FREYR expands Norwegian plant plans, government agrees to support

FREYR Battery is set to move forward with the construction of its first battery gigafactory in Norway, having received assurances of financial and strategic support from the country’s government.

The Norway-headquartered battery cell manufacturing startup said it had sanctioned the construction of Giga Arctic and confirmed it would have access to more than $1.6 billion in funding through loan.

The company’s announcement came yesterday as the Norwegian government announced a new National Battery Strategy Policy at the offices of FREYR Battery. Like neighboring Finland, Norway has decided to promote local industries in the battery value chain.

The country’s Ministry of Trade, Industry and Fisheries said its 10-step plan could help unlock opportunities for the industry with a turnover of NOK 90 billion ($9.02 billion). dollars) by 2030 (see the version here, in norwegian language only).

As part of this strategy, the Norwegian export credit agency Export Finance Norway (Eksfin) has indicated that it will support FREYR with up to 400 million euros (418 million dollars) in guarantees, loans or a combination of both.

FREYR has already entered into major off-take agreements with a number of customers in the stationary battery energy storage industry, some of which have been named, such as a 28.5 GWh agreement with US manufacturer Powin and a 19 GWh deal with Honeywell, along with others who did not.

While a large majority of initial demand is likely to come from the electric vehicle (EV) sector, which is booming in Norway and growing in Europe and other territories, in an interview with this site in March, FREYR CEO Tom Einar Jensen said that up to half of its products could be sold in the energy storage systems (ESS) sector over time.

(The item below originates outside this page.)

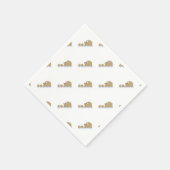 Niedlicher Gleitschutz Serviette (Ecke)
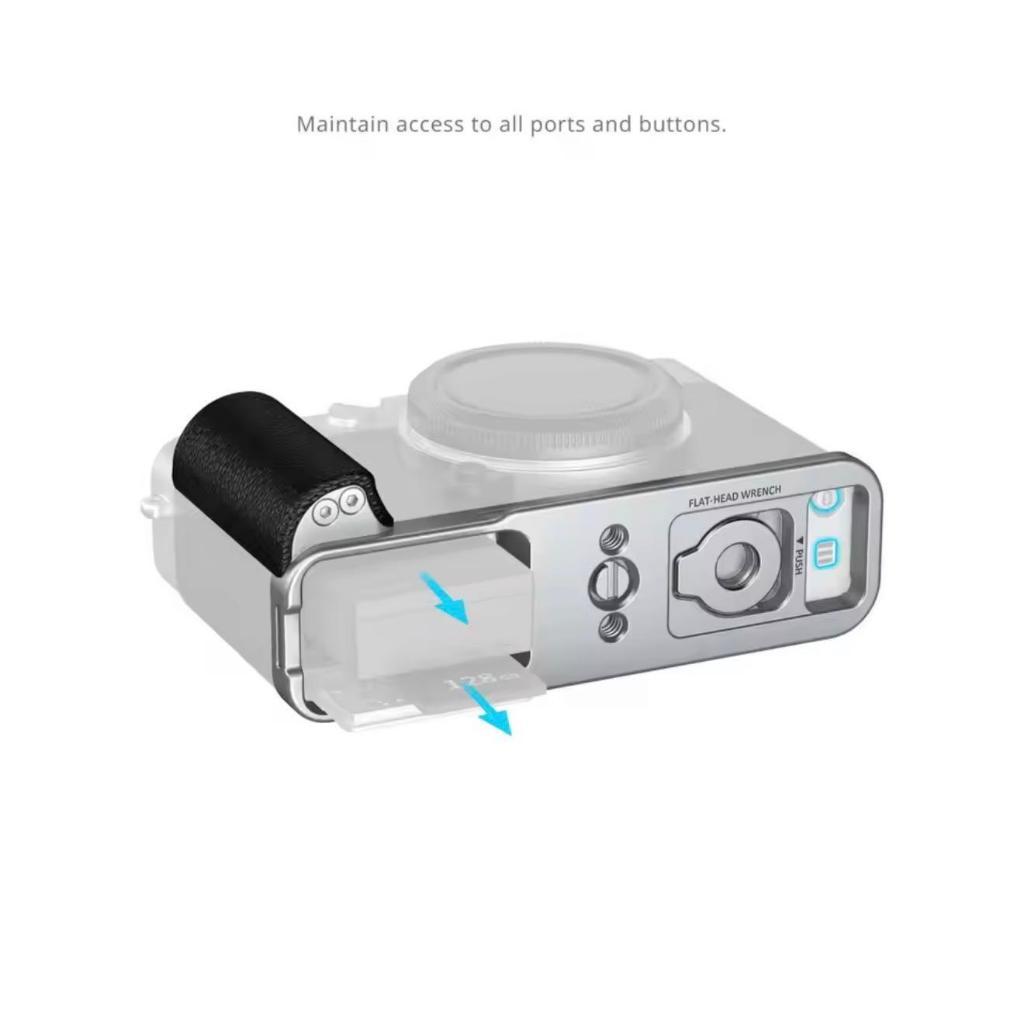 SmallRig L-Shaped Mount Plate with Silicone Handle for Fujifilm X-E5 (Black 5448 / Silver 5447)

Securing funding has allowed the company to accelerate its production plans: Giga Arctic will target annual production capacity of 29 GWh, while a target of 200 GWh of annual capacity for 2030 will be achieved through expansions and other new facilities that FREYR intends to build.

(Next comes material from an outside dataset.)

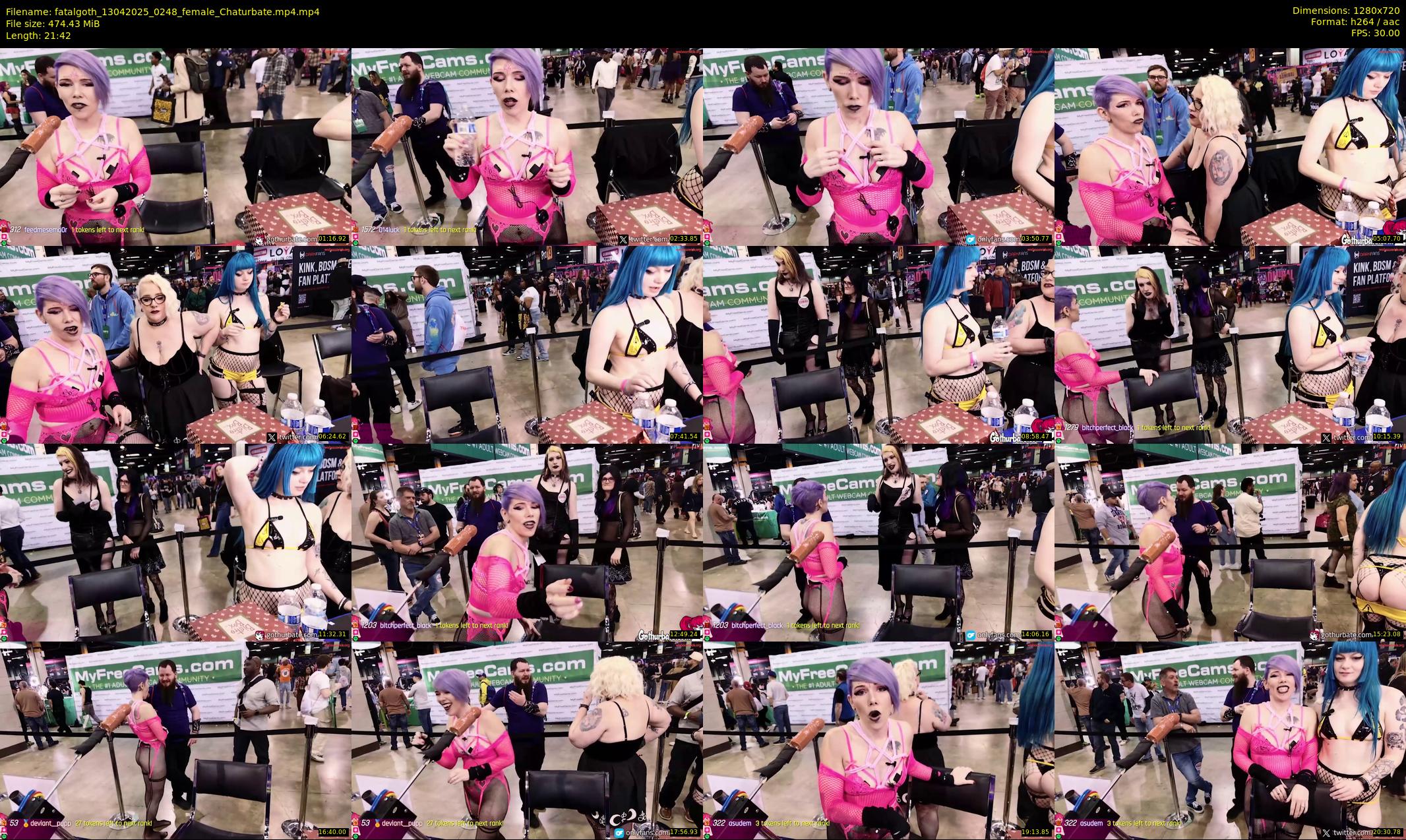 fatalgoth — 22 minute Chaturbate couple cam show recording, 720p, Apr 13, 2025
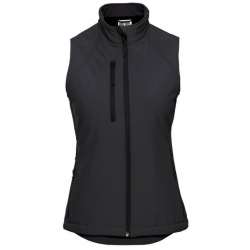 Chaleco MUJER sin mangas color negro R141F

The original plan was to build two smaller factories on the Mo i Rana town site, but these will be consolidated into one site. FREYR estimates that the construction and commissioning of the Giga Arctic plant will require a total investment of approximately US$1.7 billion. The company noted that factors such as supply chain constraints and inflation have driven up expected costs since the plans were first announced.

FREYR also recently signed a Renewable Power Purchase Agreement (PPA) with Norwegian state-owned energy company Stakraft, and entered into material supply agreements with companies like Glencore.

The manufacturer aims to run all its production on renewable energy and has teamed up with the American battery technology platform company 24M, which has developed a process for manufacturing batteries with so-called SemiSolid electrodes, aimed at producing more energy-dense cells at lower cost and with less power consumption required.

In his March interview with this site, CEO Jensen said FREYR Battery’s initial production lines would produce lithium iron phosphate (LFP) cells but would retain the option of adding nickel manganese cobalt (NMC) manufacturing capability. ).

However, a press release sent yesterday to Energy-Storage.news noted that the initially planned production capacity in the first two gigafactories would be NMC. A request for clarification from the company had not received a response at the time of publication.

China’s Gotion to manufacture ESS and EV products at 18 GWh site in Germany

Separately, this week, Chinese battery company Gotion High-Tech announced that it will establish production bases in Germany that will manufacture LFP products for the stationary energy storage and e-mobility markets.

Along with the launch of a range of “portable” home battery energy storage products, the company announced that it would build up to 18 GWh of annual generation capacity at its existing site in the university town of Göttingen in Lower Saxony, in two phases.

Preparation of the brownfield site for construction will begin before the end of this year, and initial production of 3.5 GWh will be commissioned by September 2023, before subsequent phases take this to 6 GWh and then add 12 GWh additional.

By 2025, Gotion High-Tech aims to have 300 GWh of generation capacity worldwide, including approximately 100 GWh in overseas territories such as Germany.

Meanwhile, LG Energy Solution has revealed that it plans to invest in an electric vehicle battery production plant in Arizona. The plant is one of several the Korean company is commissioning in the United States. Reuters, which flagged the company’s potential change of heart this week, said analysts it spoke with believed rising inflation was likely the main cause.